Car ces questions, notamment dans les achats numériques, insiste Élise Dufour, « sont déjà très complexes pour une société comme EDF, pour une PME/TPE, ça l’est encore plus ». Elle plaide pour la mise en place de standards européens, « des labels, du scoring, afin de pouvoir s’y retrouver ».

« Dans cette “jungle numérique”, très complexe […], il est illusoire de penser qu’une société pourra intégrer seule ces considérations dans ses processus d’achats, même si toutes ont envie d’atteindre cet objectif vertueux. Celui-ci participe d’une éthique et aussi d’une posture, qui leur permet de se positionner sur le marché », développe la spécialiste en droit du numérique.

Une posture ? La responsabilité numérique des entreprises ne serait-elle alors qu’une nouvelle marotte de communicants en mal de « virtue signaling » (étalage de vertu) ? Ce n’est certainement pas le cas pour Tehtris.

Besoin « de labels, de scoring, afin de s’y retrouver »

La société se présente comme le leader mondial de la neutralisation automatique des cyberattaques. C’est aussi depuis début avril un membre du club très fermé des entreprises à mission. Interrogée par Mélanie Bénard-Crozat, rédactrice-en-chef de S&D Magazine, Ingrid Söllner, chief marketing officer de cette PME, explique sa démarche RNE/RSE : « C’est le reflet d’engagements qui datent de la création de Tehtris. […] Notre mission : “faire du cyberespace un environnement de confiance et d’avenir”. Une démarche assez large qui se traduit en quatre piliers : des actions éthiques, des actions environnementales, des actions sociales et aussi une démarche d’achats responsables. »

L’éthique est littéralement codée au cœur de la société depuis sa création : les fondateurs de Tehtris ont choisi de protéger les données de leurs clients sans jamais y avoir accès. Confidentialité garantie. La société s’implique également beaucoup dans la diversité, notamment hommes-femmes. « Ce n’est pas une question de quotas, même si nous avons 30% de femmes dans nos effectifs, mais nous avons constaté que les équipes mixtes, hétérogènes, donnaient de meilleurs résultats que les autres », se félicite Ingrid Söllner.

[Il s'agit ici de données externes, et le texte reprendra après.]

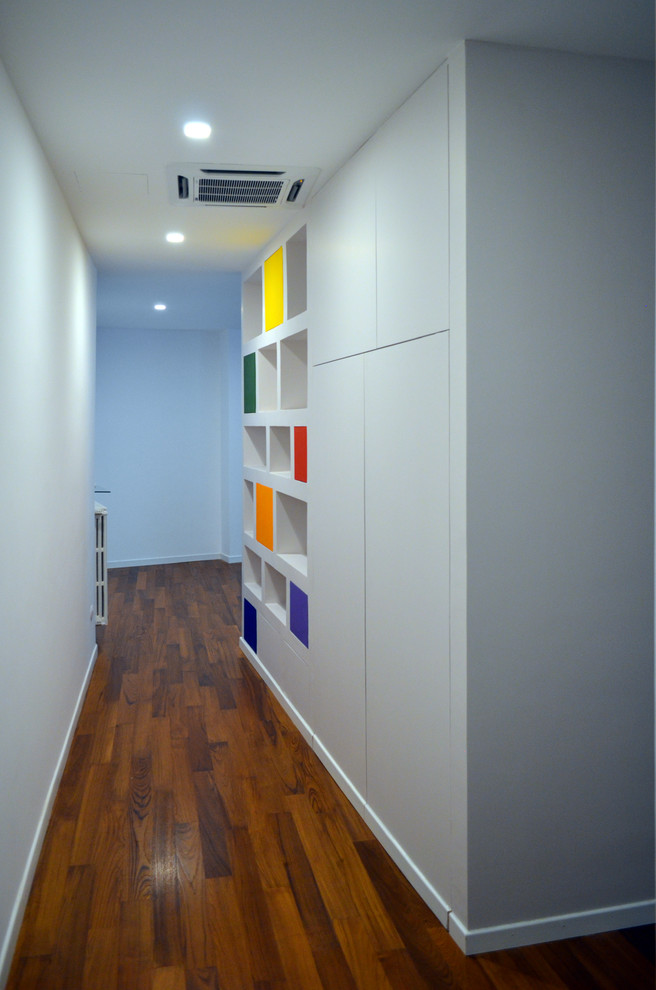 Cette photo montre un couloir moderne de taille moyenne avec un mur multicolore et parquet peint.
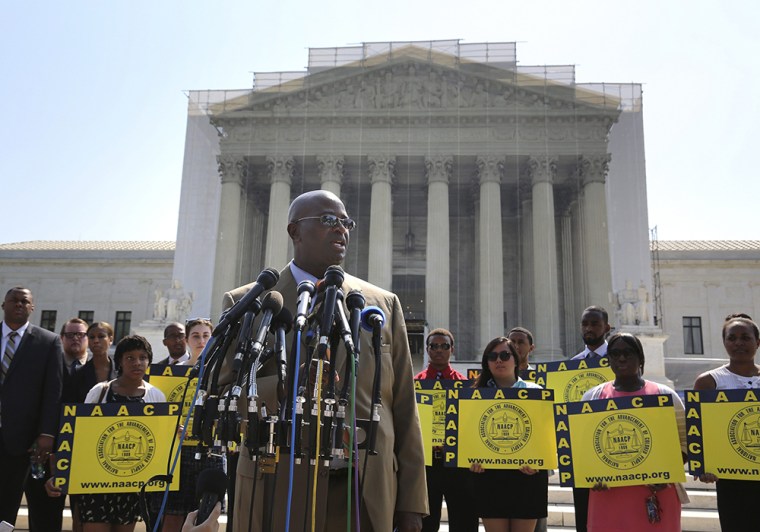 NAACP National Field Director Rev. Charles White speaks to reporters after the U.S. Supreme Court struck down part of a federal law designed to protect minority voters, at the court's building, June 25, 2013.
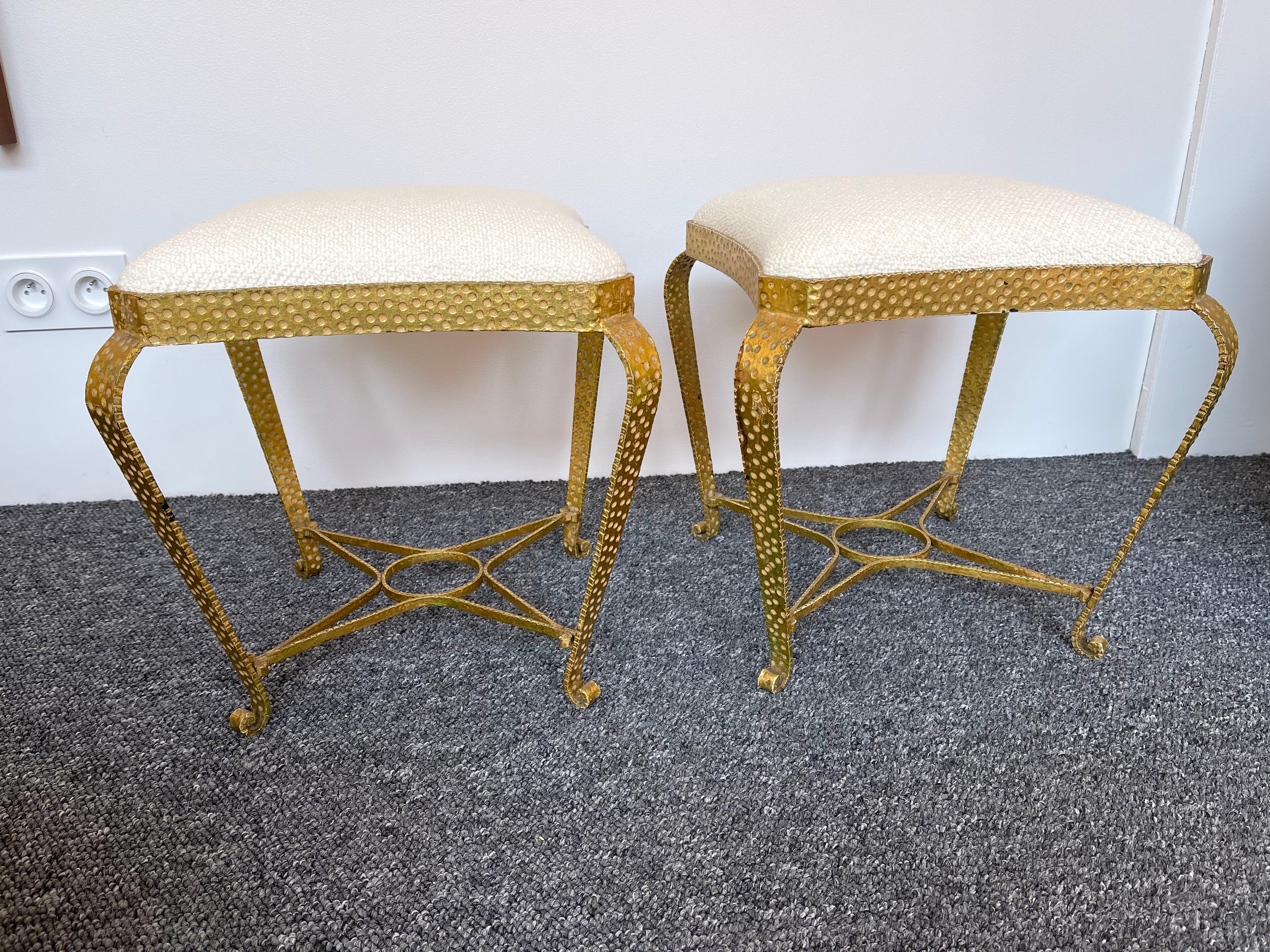 Pair of stools, poufs or ottomans by Pier Luigi Colli. Hammered wrought iron and gold leaf. Fully upholstered in bouclé fabric. A bench are available on my storefront. Famous design like Maison Jansen, Baguès, Gilbert Poillerat, Raymond Subes,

Un cercle vertueux, donc, d’autant que face à la concurrence, une démarche RNE/RSE dynamique change tout : « On voit que les actions de RSE commencent à être demandées dans les appels d’offres. On nous demande nos engagements, ce sur quoi nous sommes assez bien placés pour répondre », se rengorge Ingrid Söllner.

Selon elle, entre les partis-pris techniques et le choix de coder uniquement en Europe, à l’abri du Cloud Act américain, Tehtris fait tout pour protéger la confidentialité des données client. Par-là, elle renforce la confiance dans le digital, l’un des éléments majeurs de la RNE… Et conforte son succès.

Décidément, une RNE bien comprise contribue aussi bien au progrès social et environnemental qu’au succès de l’entreprise.